- The Washington Times - Tuesday, June 30, 2009


Once the anti-United Nations crowd was on the far right of America’s political spectrum. In recent years, the anti-globalization crowd joined local trade unions in turning against international institutions. Now the normally sober Washington-based Foreign Policy magazine has taken to calling U.N. Secretary-General Ban Ki-moon “the world’s most dangerous Korean.”

That kind of rhetoric seems to signal a desperate bid for attention by a magazine that was making real strides toward serious influence in recent years. And that dubious honor clearly belongs to Kim Jong-il and the other bloodstained autocrats of communist North Korea, not this self-effacing, hard-working veteran of South Korea’s foreign ministry.

As today marks the halfway mark in Mr. Ban’s five-year term, we thought it was a good time to see the man and review his record. We have been around long enough to know that the establishment media doesn’t always give the reader the full picture.
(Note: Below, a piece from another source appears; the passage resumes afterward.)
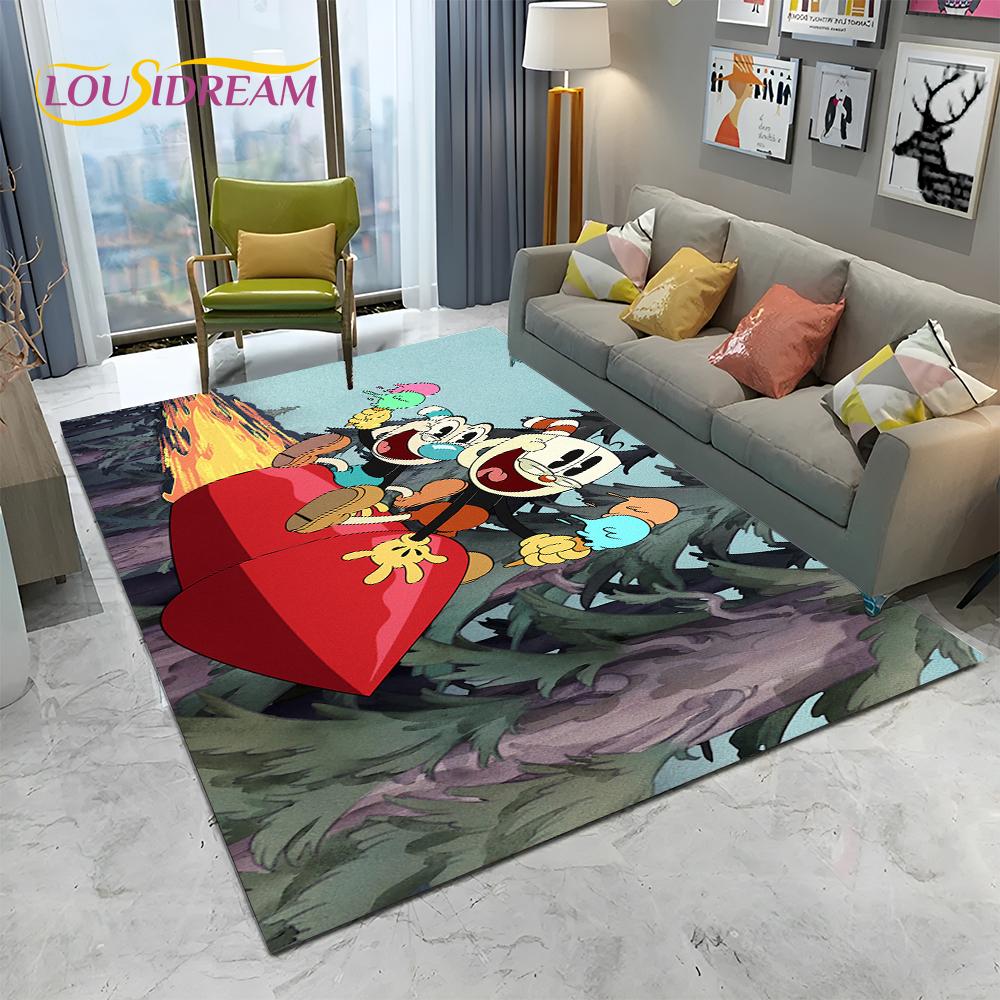 3D Cuphead Mugman Oyunu Gamer HD Halı Kilim Ev Oturma Odası Yatak Odası Kanepe Paspas Dekor, çocuk Oyun Alanı Kilim kaymaz Zemin Mat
We visited with him for almost an hour in his Sutton Place town house in New York City and soon realized that he is one of those rare men in public life who is more concerned with concrete actions than press reports. Mr. Ban is a backroom reformer. He doesn’t call press conferences to lament corruption or mindless bureaucracy in the United Nations, although he will bluntly tell you he detests both. Instead, he goes to work behind the scenes. In his first few days on the job, Mr. Ban made public his financial disclosure forms. He hoped to lead by example, but not one official followed. He kept working. Today, more than two years later, all of the covered senior U.N. officials have reluctantly released their forms.

Next, he appointed as a kind of “ethics czar” a tough-minded Canadian who is so tough “he doesn’t even fear me,” Mr. Ban jokes.
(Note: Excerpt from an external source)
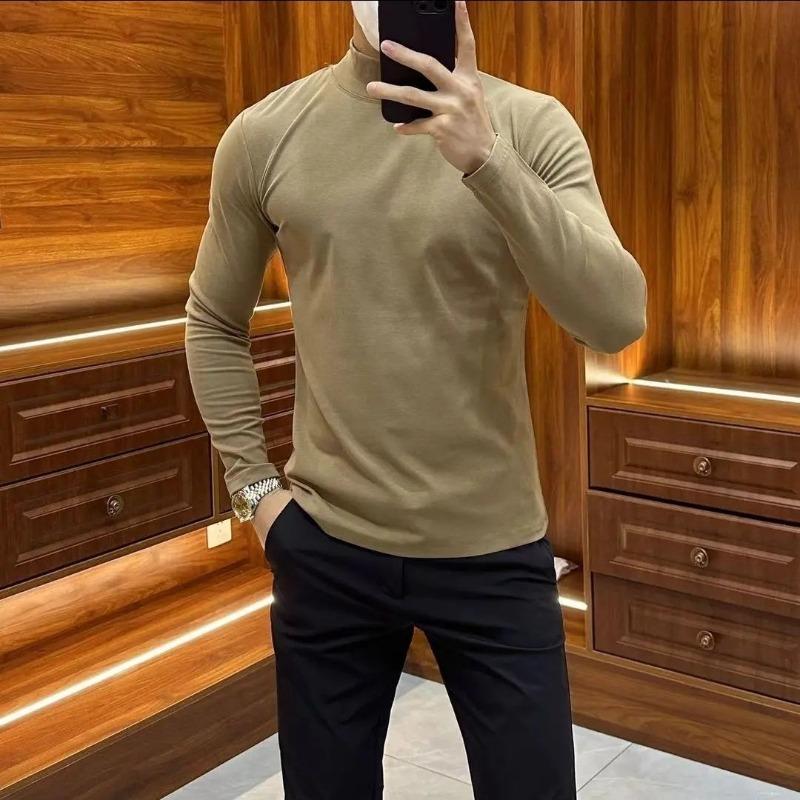 Senior Business Casual All-match Pullovers Turtleneck Solid Color Elasticity Comfortable Skin Friendly Men's Top Autumn 2024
The first Asian secretary-general since 1971 brings a kind of Asian Tiger sense of accountability to the post, which has been lacking in recent decades. He has demanded an accounting of the vast sums spent by the United Nations and has announced “zero tolerance” for any official who misused funds. Of course, he is at war with an entrenched bureaucracy that doesn’t want to be held accountable. It is not surprising that Mr. Ban is finding his reform efforts to be slow going; it is surprising that he is willing to press them at all.

If the United Nations wishes to be relevant in this century and not lose its diplomatic position to a host of regional organizations - everything from the Bolivarian Alternative for the Americas (ALBA) to the European Union - it will need precisely the reforms Mr. Ban is advocating. The organization cannot continue to have First World money and Third World accounting standards. Of course, the establishment press and its allied nonprofits are bellyaching about the United Nations’ new leader. They don’t want to reform the bureaucracy, but to use it to fund their personal utopian plans.

We wish Mr. Ban well in his lonely crusade for common sense at Turtle Bay. Every donor nation should back his efforts to break up bureaucratic paralysis and hold officials to account for the billions of dollars they are entrusted with to feed the hungry and house the stateless.